The proliferation of and rapid advances in technology based systems, especially those related to the internet, are leading to fundamental changes in how companies interact with customers (parasuraman and Zinkhan, 2002; Bauer et al; 2005). This trend is well established in the service industry, where service providers are increasingly urged to invest in technology to better secure their future in the electronic age (Zhang and Prybutok, 2005; Bauer et al; 2005).
Today’s winners are those who
overcome consumer cynicism by exceeding expectation and going beyond the point
of encounter. These firms are successful because they have invested for the
long term through recognizing that service fulfillment not only promotes growth
of their customer base but retains customer loyalty (lake and Hickey, 2002).
The challenging business environment
in the financial service market has also resulted in more pressure on banks to
develop and utilize alternative delivery channels, with a view to attracting
more customers, improving customer’s perceptions, and encouraging loyalty (Bauer
et al; 2005; Lee and Lin, 2005,
parasuraman et al;). Among the more
recent delivery channels introduced is electronic banking. In its simplest form,
electronic banking means the provision of information about the bank and its
products via a page on the internet.
Davis et al; (1989) however, defines the term as the provision of
information and or services by a bank to its customers via computer, telephone
or television. A more developed service, in Daniel’s (1999) view, is one that
provides the customers with the opportunity to gain access to their accounts,
execute transactions or buy products online or via other electronic means such
as TV, telephone or Automated Teller Machines (ATM).

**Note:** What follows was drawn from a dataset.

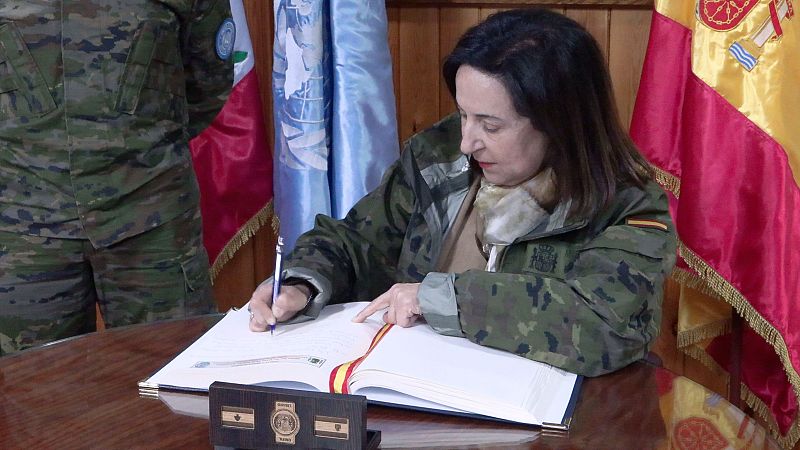 Margarita Robles visita las tropas españolas en Líbano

The installation of customer
friendly technology (such as menu driven automated teller machines, telephone
and internet banking services) as a means of delivering traditional banking
services has become common in recent years as a way of maintaining customer loyalty
and increasing market share.
Traditional brick and mortar banks
are using technology to meet the competitive challenge posed by online banks,
as well as a method of reducing the cost of providing services that were once
delivered exclusively by bank personnel (Joseph et al; 2003). Managers in virtually all industries understand that
providing quality customer service is a key strategic component in firm
profitability. The importance of service delivery and its impact on improving
satisfaction and retention of customers, improving sales and market share, and
improving corporate image cannot be overstated (Lewis et al; 1994).
As with most other service
providers, banks have moved quickly to invest in technology as a way of
controlling costs, attracting new customers, and meeting with convenience and
technical innovation expectations of their existing customers (Pun et al; 2002).
Numerous model have been developed
to measure customer perceptions of service quality. Most of these mode is
utilized face-to-face interaction between customers and the employees of
service providers to conceptualize service quality measurement models.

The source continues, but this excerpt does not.